For the material below, return exactly the lines starting at the one holding "MagSafe Case for" and ending at the one holding "Sticker Carré Lèvres", counting both as part of the range.

Source information START

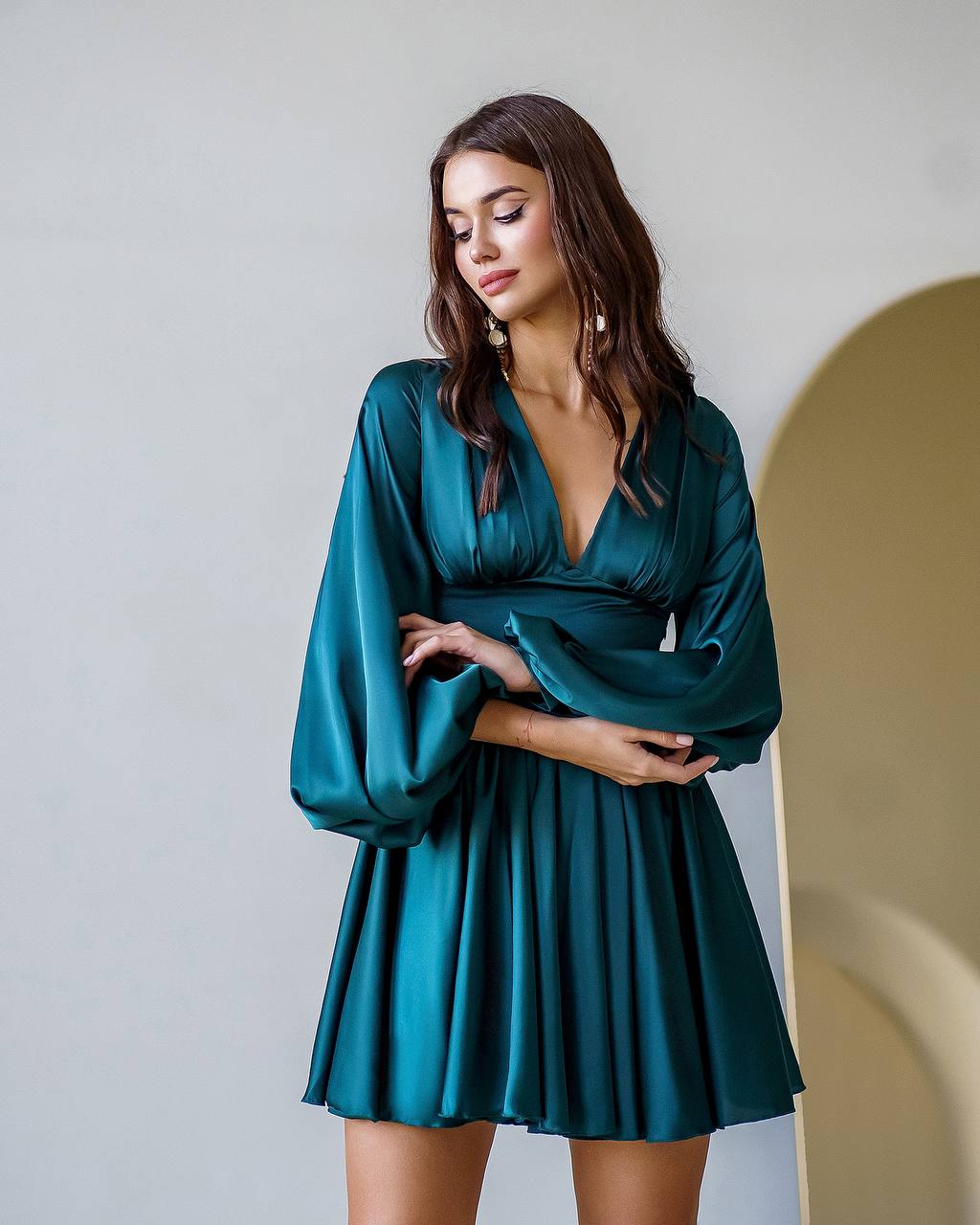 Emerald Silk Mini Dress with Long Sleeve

Source information END
Source information START

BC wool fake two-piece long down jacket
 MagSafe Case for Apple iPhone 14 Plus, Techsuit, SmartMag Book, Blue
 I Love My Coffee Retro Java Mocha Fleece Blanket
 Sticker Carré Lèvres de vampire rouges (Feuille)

Source information END
Source information START

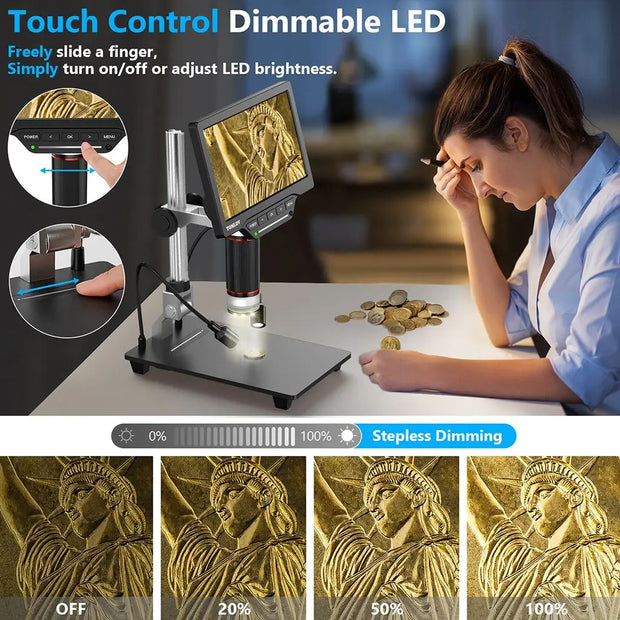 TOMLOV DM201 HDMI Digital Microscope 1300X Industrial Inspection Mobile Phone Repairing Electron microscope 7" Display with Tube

Source information END

**Response:**
 MagSafe Case for Apple iPhone 14 Plus, Techsuit, SmartMag Book, Blue
 I Love My Coffee Retro Java Mocha Fleece Blanket
 Sticker Carré Lèvres de vampire rouges (Feuille)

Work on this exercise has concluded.